Beige Against the Machine

There’s a powerful charm to neutral colour schemes, which often goes unappreciated by more brash types than myself. In fact, it seems it’s a select few who can truly appreciate the regal radiance of a classic beige, or the subtlety and depth of perfectly mixed off-white. I’m forever having to fight colleagues on this, fending off their demands for bold colours and playful contrasts.

You see, I’m generally the one tasked with any updates to the space, and processing all office fitout ideas. Melbourne being the type of place it is, many of those ideas centre on things like fuschia feature walls, sunshine-yellow tinted glass partitions and peacock blue bathrooms – depending, of course, on the prevailing fashion of the moment. What people fail to keep in mind is that fashion is a fickle friend, and that’s precisely why I prefer to stick with neutrals. Neutrals will never desert you when the tide changes, leaving you with an outdated aesthetic that needs to be redone all over again.

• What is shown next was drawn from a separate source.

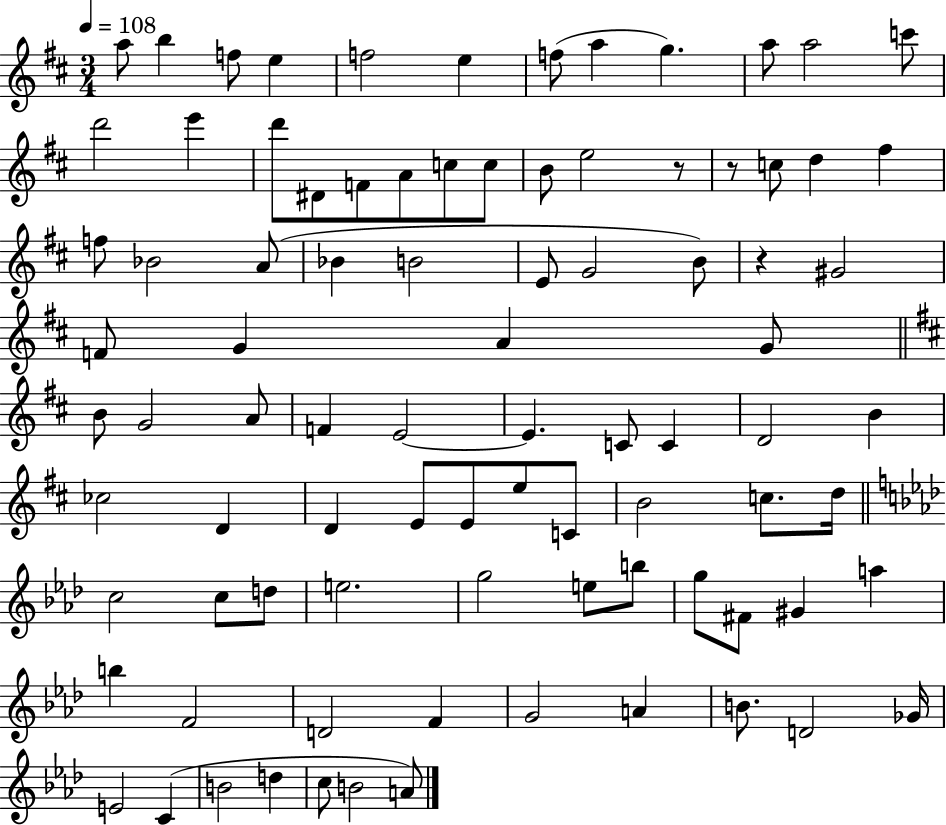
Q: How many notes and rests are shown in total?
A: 88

That approach is the reason I’m always the one heading up this stuff. It’s fair to say that a lot of my colleagues don’t get it, and think I’m a boring old beige-lover with no imagination. That couldn’t be farther from the truth. In fact, I have too much imagination to not see the larger issues with choosing bold colours to underscore a work environment. Here in Melbourne, commercial office design is often short-sighted, in the sense that it aims for immediate gratification over long term success in its designated purpose.

I don’t mind if people think of me as stuffy, inaccurate though that may be. I just wish they’d come round to the sheer beauty of the neutral palette, if only for their own delight. Not only would they see my decisions in a new light, they’d also bear witness to the multi-faceted majesty these most underrated of colours.